Gold marks time as investors weigh stock market risks

Apart from the crypto carnage today and news of the Dow’s fastest 1000-point rally in history, there hasn’t been an awful lot happening in other markets today, with the major FX pairs and gold being fairly stable. The main news was from the UK this morning, where inflation eased slightly for the first time since June. But at a good 3.0%, the Consumer Price Index (CPI) still remains a whole percentage point above the Bank of England’s target. So, this is unlikely to be a game changer. The pound weakened a little on the back of this with the GBP/USD dipping to 1.3750 this morning, before bouncing back to trade at 1.3770 at the time of this writing. The dollar was actually higher not just against the pound but against other major currencies as the greenback bears probably banked profit after its big falls in recent days. However as the session wore on, it gave back some of its gains. This helped to lift gold off its lows, supported further by a wobble in stocks in the afternoon trading.

But I doubt that the dollar selling is done just yet. Consequently, I continue to expect that gold will break further higher in the coming days, especially if the rally on Wall Street pauses or ideally for gold bugs, reverses. For now, traders on Wall Street continue to ignore warning signs that the market is considerably overvalued, both from technical and fundamental points of view. With the major central banks withdrawing the monetary stimulus which boosted risk assets in the first place, the current low volatile conditions disguises the dangers facing investors at these extremely elevated levels. Ahead of a potential correction in the stock markets, it appears like some market participants may have already bought protection in the form of gold. After all, the metal’s historic negative correlation with US indices appears to have broken down as both assets ended 2017 higher.

So, unless the dollar manages to find some buyers, gold appears poised to push further higher. Thanks to its recent rally, the main moving averages are all pointing higher now, objectively telling traders that the trend is indeed bullish. The fact that there has been acceptance above the $1300 level is also a good sign for gold. Given these technical considerations, it is likely that the metal will go on to probe liquidity above the previous swing highs at $1357 and $1375 next. These levels mark the respective highs for 2017 and 2016. So if we go above these levels then we will have a major “higher high” in place. Meanwhile short-term support levels come in at $1334, followed by $1327. Regardless of what happens in the short term, the technical bias will remains bullish unless gold goes back below that pivotal $1300 hurdle again.

Information on these pages contains forward-looking statements that involve risks and uncertainties.
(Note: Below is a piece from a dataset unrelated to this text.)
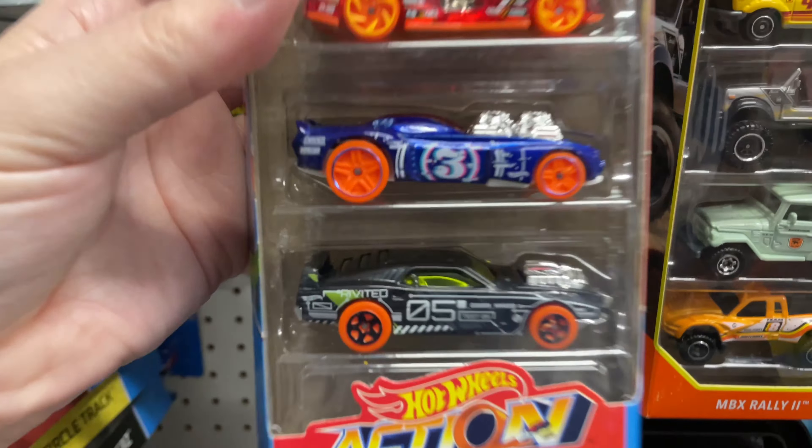And that one, of course. I like all the ones that are realistic looking. Here's another Datsun — so there's two of these. Really nice. And what do we have up here? Oh man, look at that. Really nice.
Markets and instruments profiled on this page are for informational purposes only and should not in any way come across as a recommendation to buy or sell in these assets. You should do your own thorough research before making any investment decisions. FXStreet does not in any way guarantee that this information is free from mistakes, errors, or material misstatements. It also does not guarantee that this information is of a timely nature. Investing in Open Markets involves a great deal of risk, including the loss of all or a portion of your investment, as well as emotional distress. All risks, losses and costs associated with investing, including total loss of principal, are your responsibility. The views and opinions expressed in this article are those of the authors and do not necessarily reflect the official policy or position of FXStreet nor its advertisers.


RELATED CONTENT

Loading ...



Copyright © 2024 FOREXSTREET S.L., All rights reserved.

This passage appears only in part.